Regulations last checked for updates: Nov 25, 2024

Title 29 - Labor last revised: Oct 31, 2024
§ 1921.13 - Decision of the hearing examiner.

(a) Filing of transcript of evidence. As soon as practicable after the close of the hearing, the reporter shall transmit to the Chief Hearing Examiner the copies of the transcript of the testimony and the exhibits introduced in evidence at the hearing except such copies of the transcript and exhibits as are forwarded to the hearing examiner.

(b) Proposed findings of fact, conclusions, and orders. Within 10 days after receipt of notice that the transcript of the testimony has been filed or such additional time as the hearing examiner may allow, each party may file with the hearing examiner proposed findings of fact, conclusions of law, and order, together with a supporting brief including the reasons for any proposals. Such proposals shall be served upon all parties, and shall contain adequate references to the record and authorities relied upon.
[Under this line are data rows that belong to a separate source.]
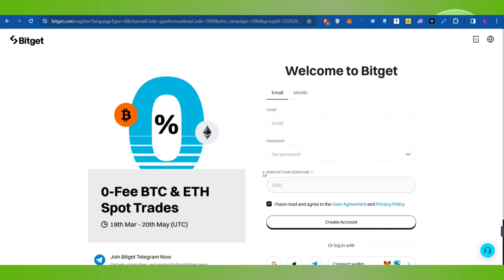This is how you can easily use the referral code on Bitcat. If the video was helpful, don't forget to like the video and subscribe to the channel. Thank you so much for watching.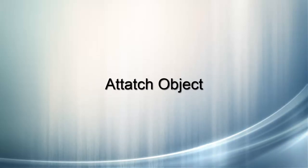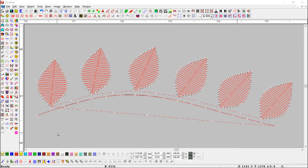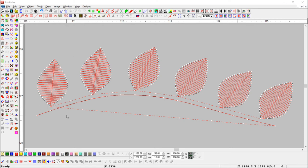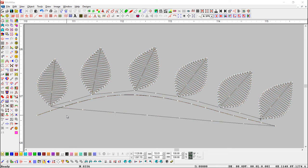Attach Object. This button is useful to attach object while traveling. First select, go to Stitch button, or use shortcut key E.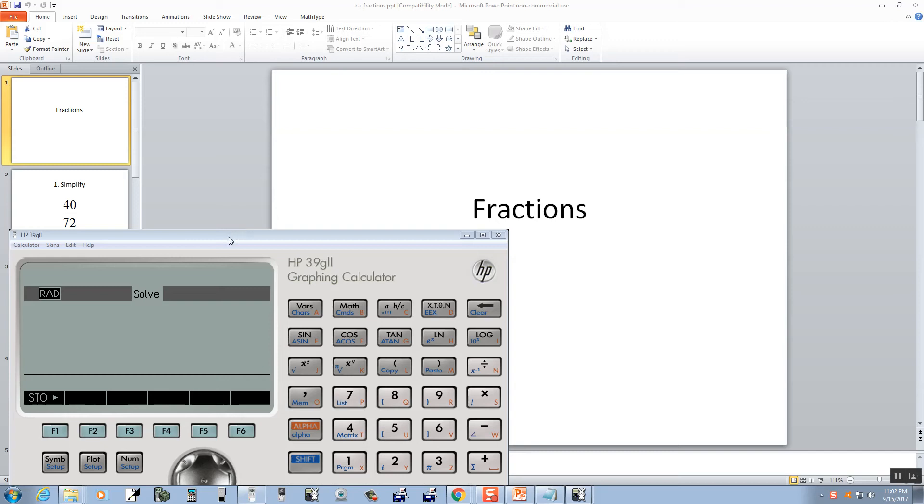Let's take a look at fractions on this calculator, HP39G2, I believe that is.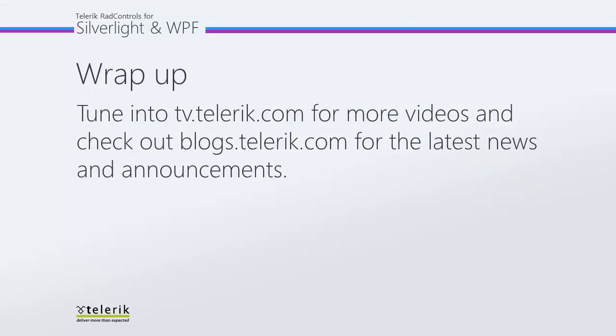Thank you for watching. And please tune in to tv.telerik.com for more videos and check out blogs.telerik.com for the latest news and announcements.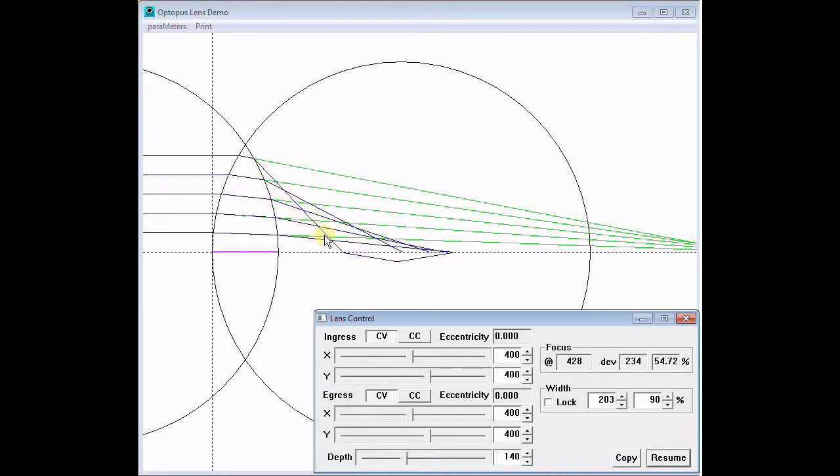If all of the paths come together at one point on the lens axis, the focus is perfect. The 55% focus deviation indicated by this triangle is horrible.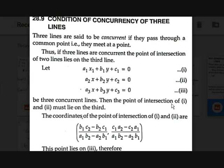Hi guys, Teji is back with another video on easy math as you can see on the screen. Today we are going to discuss about the condition of concurrency of three lines.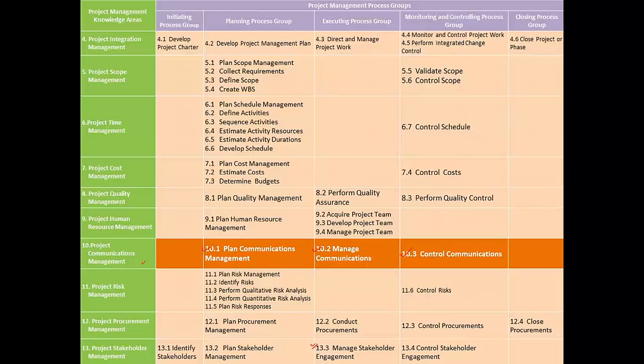The third process in this knowledge area, Control Communications, is part of the Monitoring and Controlling Process group.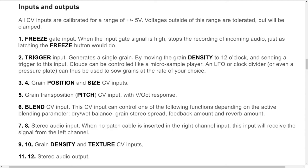6: Blend CV input. This CV input can control one of the following functions depending on the active blending parameter: dry-wet balance, grain stereo spread, feedback amount, and reverb amount. 7 and 8: Stereo audio input. When no patch cable is inserted in the right channel input, this input will receive the signal from the left channel. 9 and 10: Grain density and texture CV inputs. 11 and 12: Stereo audio output.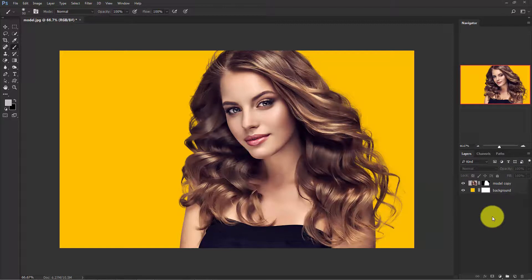So this is how we can cut out hair from the background in Photoshop. Hope you enjoyed this tutorial and don't forget to subscribe. Thank you.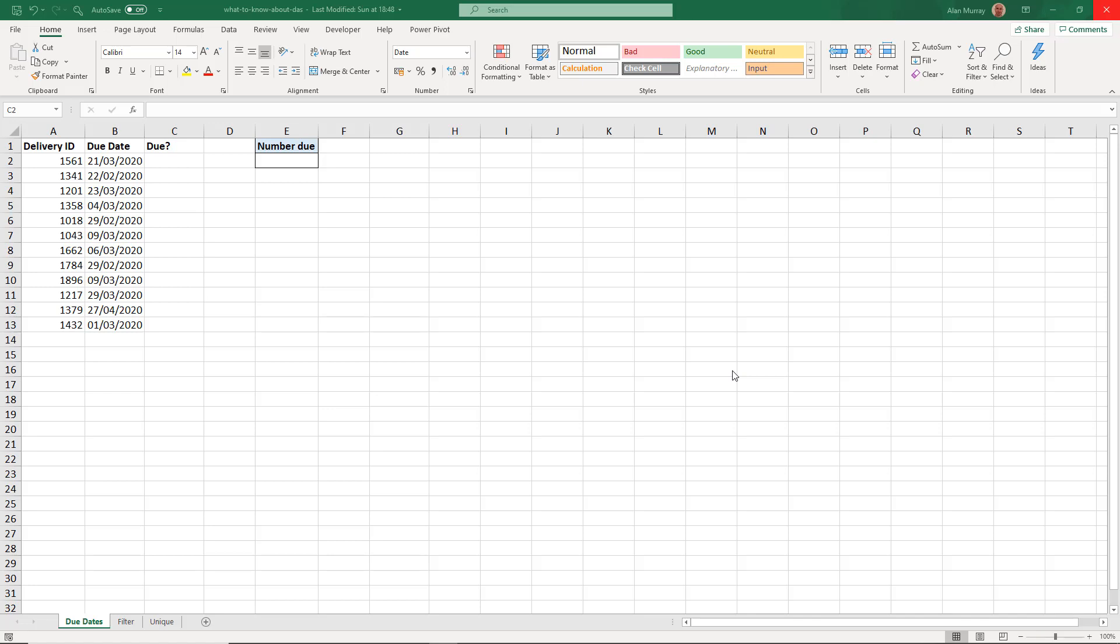Hello and welcome to this video tutorial on eight things that you need to know about dynamic array formulas in Excel.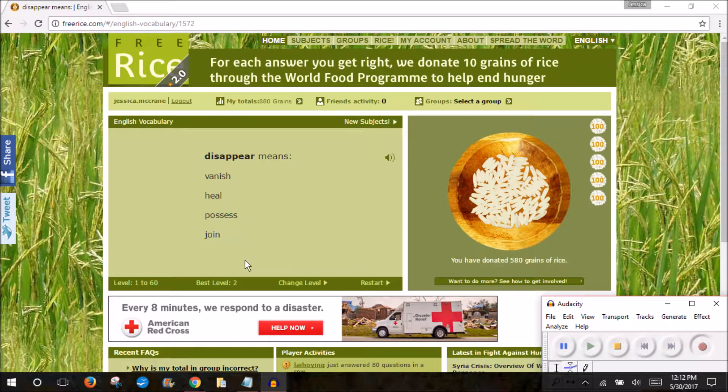So now we're going to take a look at the website Free Rice. It is an online application that helps people study and practice a variety of subjects, all while donating rice to people in need around the world.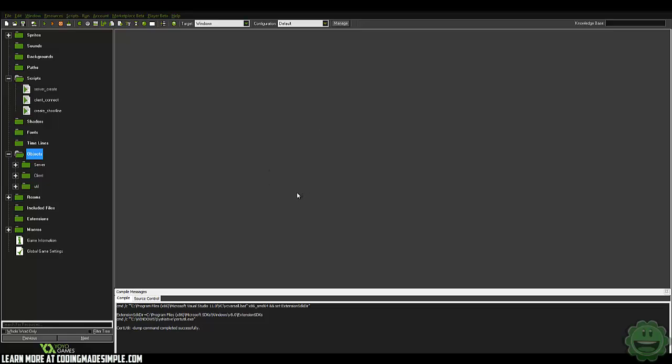What is up my GameMaker enthusiasts, it's Zach here, back with another multiplayer top-down shooter tutorial. And in this episode, what we're going to do is we are going to create the health system for our game.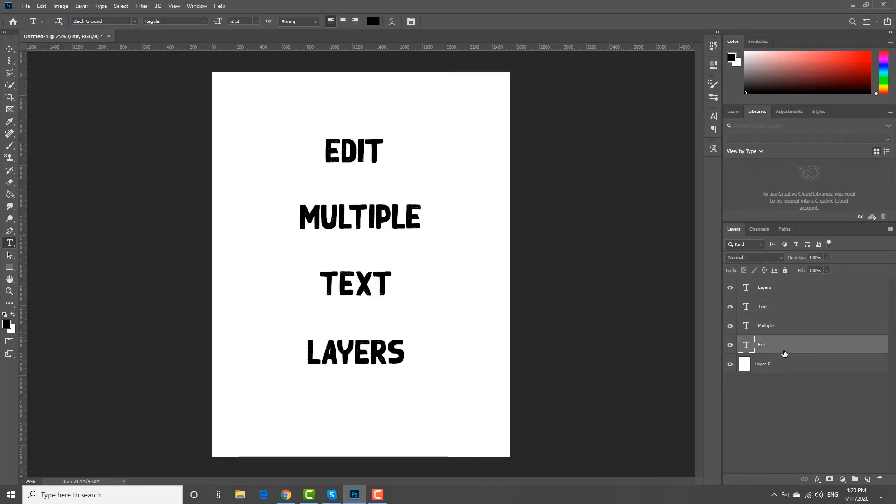Press and hold Ctrl on your keyboard. Select all the text layers you want to edit.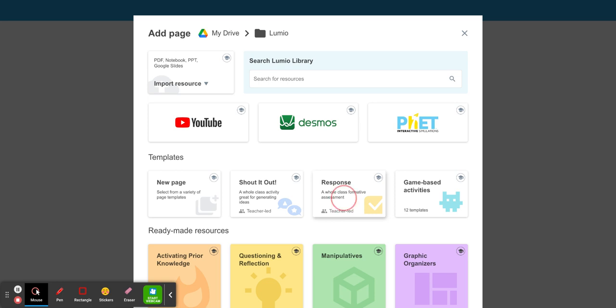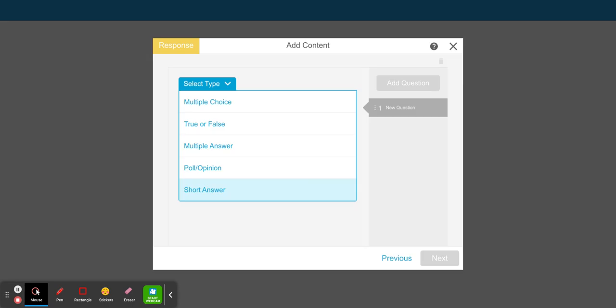So I'm going to go ahead and select it and do a very basic type question. I'm going to select multiple answer.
(c) Decision of the hearing examiner. Within a reasonable time after the termination of the time allowed for the filing of proposed findings of fact, conclusions of law, and orders, or after the date of submission of an agreement containing consent findings and order, the hearing examiner shall prepare his decision, which shall become the decision of the Assistant Secretary 20 days after service thereof unless exceptions are filed thereto, as provided in § 1921.14 except in cases dealt with in § 1921.8(b). Except in cases under § 1921.8(b) the decision of the hearing examiner shall include a statement of:

(1) Findings and conclusions, with reasons and bases, therefor, upon each material issue of fact, law, or discretion presented on the record, and

(2) An appropriate order.

Except in cases under § 1921.8(b), the decision of the hearing examiner shall be based upon a consideration of the whole record and supported by reliable, probative, and substantial evidence and upon the basis of the preponderance of the evidence.
§ 1921.14 - Exceptions.

Within 20 days after the date of the decision of the hearing examiner, the parties may file exceptions thereto with supporting reasons. Any party who desires to take exception to any matter set out in that decision shall transmit his exceptions in writing to the Chief Hearing Examiner, referring to the specific findings of fact, conclusions of law, or order excepted to, and the specific pages of transcript relevant to the exceptions, and suggesting corrected findings of fact, conclusions of law, or order.

§ 1921.15 - Transmittal of record.

Immediately following the period allowed for filing exceptions, the hearing examiner shall transmit the record of the proceeding to the Assistant Secretary. The record shall include: The pleadings, motions, and requests filed, and rulings thereon; the transcript of the testimony taken at the hearing, together with the exhibits filed; any documents or papers filed in connection with prehearing conferences; such proposed findings of fact, conclusions of law, and orders, and supporting reasons, as may have been filed in connection with the hearing; the hearing examiner's decision; and such exceptions, statements of objections, and briefs in support thereof, as may have been filed in the proceeding.

§ 1921.16 - Decision and order of the Director.

(a) Upon the basis of and after due consideration of the whole record, the Assistant Secretary shall render his decision, which shall adopt, modify, or set aside the findings, conclusions, and order contained in the decision of the hearing examiner, and shall include a statement of the reasons or bases for the action taken. With respect to the findings of fact, the Assistant Secretary shall upset only those findings that are clearly erroneous. Copies of the decision and order shall be served upon the parties.

(b) When a final order of the Assistant Secretary issued pursuant to § 1921.13(c) or paragraph (a) of this section has been in force for 2 years or more, a party may file with the Assistant Secretary a petition for modification or vacation of the order. Such petition must be in writing, and must be based upon satisfactory compliance with the order during the 24 months immediately preceding the filing thereof and upon such changes in conditions and circumstances as to demonstrate, if established, that a continuation of the order in full force and effect is no longer required to assure satisfactory compliance with the regulations under the order. Such changes in conditions and circumstances as are relied upon must be expressly set forth together with the reasons why petitioner believes relief is justified and the precise nature of the relief sought. The petition may be supported by affidavits as to matters of fact.

(c) If, after such investigation as the Assistant Secretary deems appropriate, in his judgment sufficient cause has been shown to justify the relief requested, he will enter an order granting relief. If in his judgment, sufficient cause has not been shown he shall so notify petitioner, who may then in writing request a hearing. Upon receipt of such request the Assistant Secretary will refer the petition with its supporting documents and the request to the Chief Hearing Examiner who will assign the matter for a hearing to be held on not less than 10 days notice at a time and place to be set by the hearing examiner. The Deputy Solicitor of Labor may file a pleading and otherwise appear in opposition to the petition. The hearing will be subject to all of the provisions of §§ 1921.9 through 1921.22.

[31 FR 11144, Aug. 23, 1966]
authority: Sec. 41, Longshoremen's and Harbor Workers' Compensation Act (33 U.S.C. 941); 5 U.S.C. 301.